The dramatic little mountains you see more an more of as you head South on the Thai Southern Line are called ‘karst’, and they’re pretty weird.
These Karst mountains are made of limestone – a sedimentary rock composed mainly of shells or skeletons of marine organisms such as corals and moluscs and microscopic marine creatures. They leave their shells behind when they die, which build and build over generations to create mounds and reefs in shallow waters (like that of the Gulf of Thailand). Then sometimes, techtonic plates – large surface chunks of the Earth’s crust – push against each other which can force these reefs and limestone seabeds up out of the water over millions of years to become mountains and hills, like the Tennaserim range we see inland.
But when up pushed up into the dry air, limestone is dissolved by the weak acids in rainfall or rivers and lakes. Over millions years more, these acids find weaknesses in the limestone and filter through to form subterranean sinkholes, caverns and drainage systems underneath the surface rock. This then weakens and cracks the surface rock, which widens by further rainfall, vegetation, and wind.
Eventually, all of the limestone rock erodes down into a coastal plain such as that which we’re travelling through. The peaks we see here are the few holdouts in this area – yet to complete the process of breaking down.
When we think about Thailand and Southeast Asia in general, these limestone karst mountains are frequenly what comes to mind. But they are found throughout Asia: They are the quintessential image of Guilin in China, and Ha Long Bay in Vietnam, for example.
The more spectacular formations in Thailand are found further south in the Krabi region. But you will invariably find spectacular little worlds within almost every limestone karst mountain, even up here. When the acids break down the primary skeletons and shells stacked in the mountains, it forms solutions that trickle through into subterranean caves and drainage systems, where they often deposit as stallactites and stallacmites, and a menagerie of other structures based purely on the positions, angles, and distances of regular dripping and trickling. These caves are often inhabited by strange creatures that are oddly adapted to living in them – particularly by losing their sight and acquiring incredible organs that are sensitive to vibrations and smell.
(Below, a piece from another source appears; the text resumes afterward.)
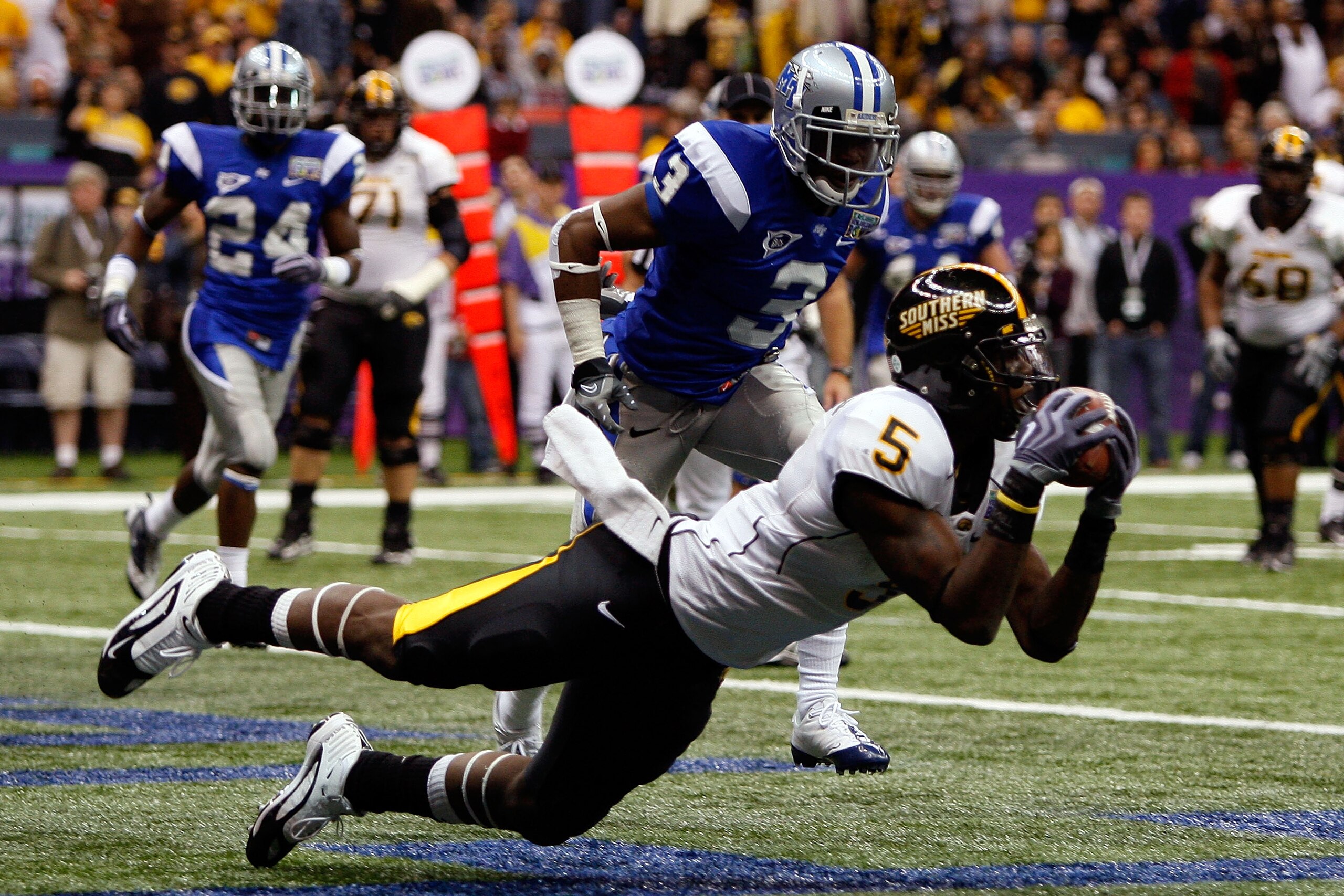 NEW ORLEANS - DECEMBER 20: DeAndre Brown #5 of the Southern Miss Golden Eagles catches a pass for a two point conversion over Marcus Udell #3 of the Middle Tennessee Blue Raiders during the R+L Carriers New Orleans Bowl at the Louisiana Superdome on Dece NEW ORLEANS - DECEMBER 20: DeAndre Brown #5 of the Southern Miss Golden Eagles catches a pass for a two point conversion over Marcus Udell #3 of the Middle Tennessee Blue Raiders during the R+L Carriers New Orleans Bowl at the Louisiana Superdome on Dece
Their little ecosystems can create further layers of weirdness in this surreal world. Often these little ecosystems are so contained and isolated from each other, that they could contain their own endemic species. This is also true for the ecosystems covering the outside of karst mountains.
A final layer of weirdness can come from the way humans interract with these places – such as bird nest harvesting, and erecting artefacts for religious worship.
So even if nature, and particularly caves aren’t your thing, I really think you have to visit one of these surreal landscapes at least once in a good Thai holiday. Amidst the karst mountains of Southern Thailand, good options are plentiful.